Ahora, ¿qué pasa entonces con la tan trillada frase de Hernán Antonio Bemúdez: «el eje de la narrativa hondureña parece haberse desplazado a la Costa Norte», ¿a qué se refiere Bermúdez con esto?, ¿acaso el eje de la narrativa hondureña tomó unas vacaciones en las playas de Tela? Lo que sí queda bastante claro es que la interpretación de esta frase por parte de algunos escritores que se identificaron con ella de inmediato es que cuando Bermúdez habla de «la Costa Norte» se refería a San Pedro Sula y que cuando Bermúdez habla de «eje» se refiera a sus obras y que cuando Bermúdez habla de «narrativa hondureña» habla de ellos.

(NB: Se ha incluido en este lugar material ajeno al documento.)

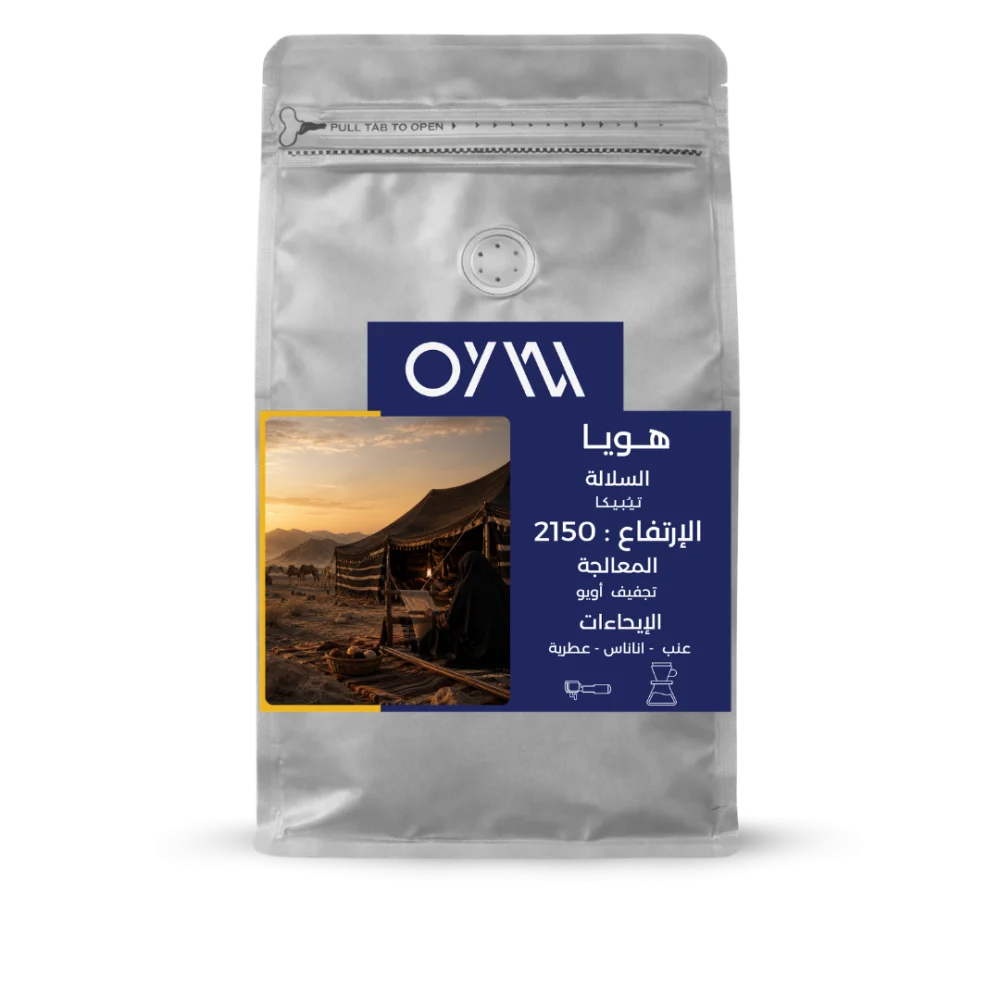 OYW - YEMEN HOYA 250G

«El eje de la narrativa hondureña parece haberse desplazado a la Costa Norte», sí, así comienza el prólogo a Ficción hereje para lectores castos (Mimalapalabra, 2009) de Giovanni Rodríguez, una novela divertida, sin más, y es que en una ocasión me preguntaron cuál era la diferencia entre Cortázar y J. K. Rowling, yo contesté sin dudar que uno había construido una obra más cercana al oficio de cualquier artesano, como quien desmenuza el lenguaje para moldear una historia y que la otra escribía con el objetivo de entretener, nada más, que leer a ambos es tan válido como ver toda la saga de Rocky. En Ficcion hereje para lectores castos Rodríguez sí que nos muestra un lenguaje moderno, una historia que transcurre en SPS, una historia que nos mantiene entretenidos, pero eso, una historia que no nos lleva a ningún lado en especial.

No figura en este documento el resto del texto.